THE TASK
Could you copy out every line of the data where the word "from" occurs?

RECORDS TO USE

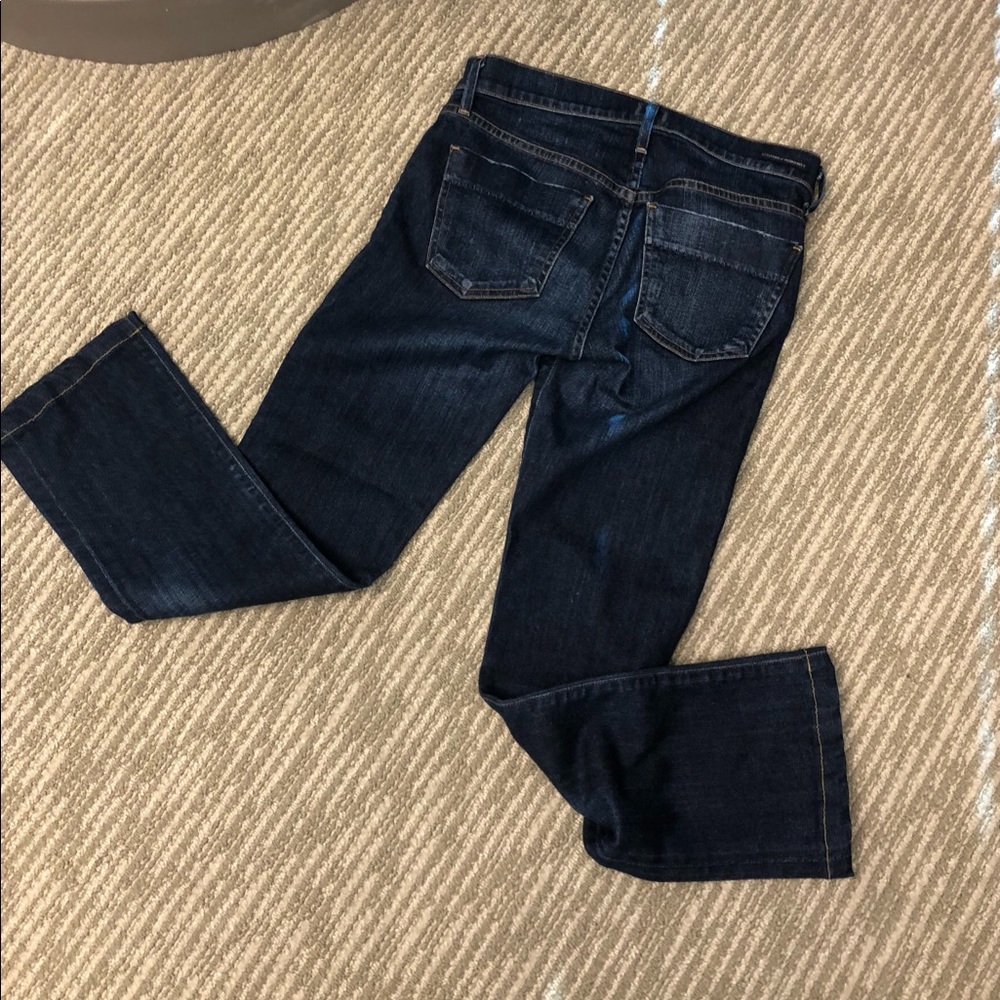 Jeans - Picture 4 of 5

==

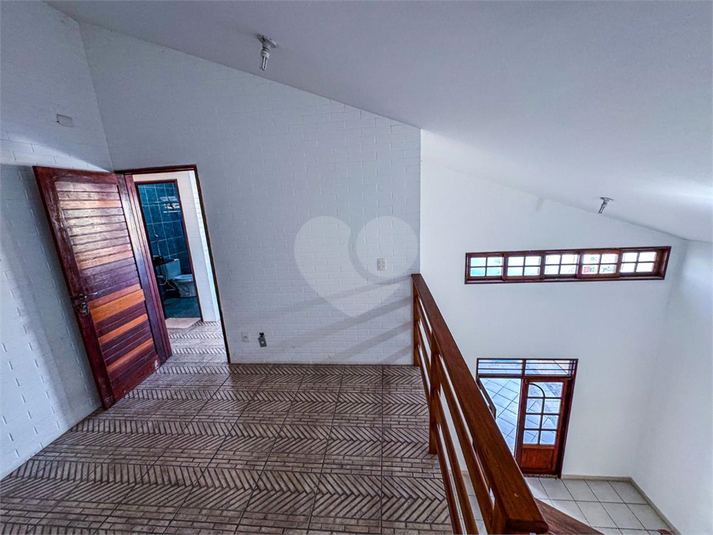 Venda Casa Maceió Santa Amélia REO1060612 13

...

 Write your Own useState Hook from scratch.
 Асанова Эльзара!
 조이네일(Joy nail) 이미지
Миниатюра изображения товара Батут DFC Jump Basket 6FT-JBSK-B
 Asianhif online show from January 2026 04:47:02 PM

TASK RESPONSE
 Write your Own useState Hook from scratch.
 Asianhif online show from January 2026 04:47:02 PM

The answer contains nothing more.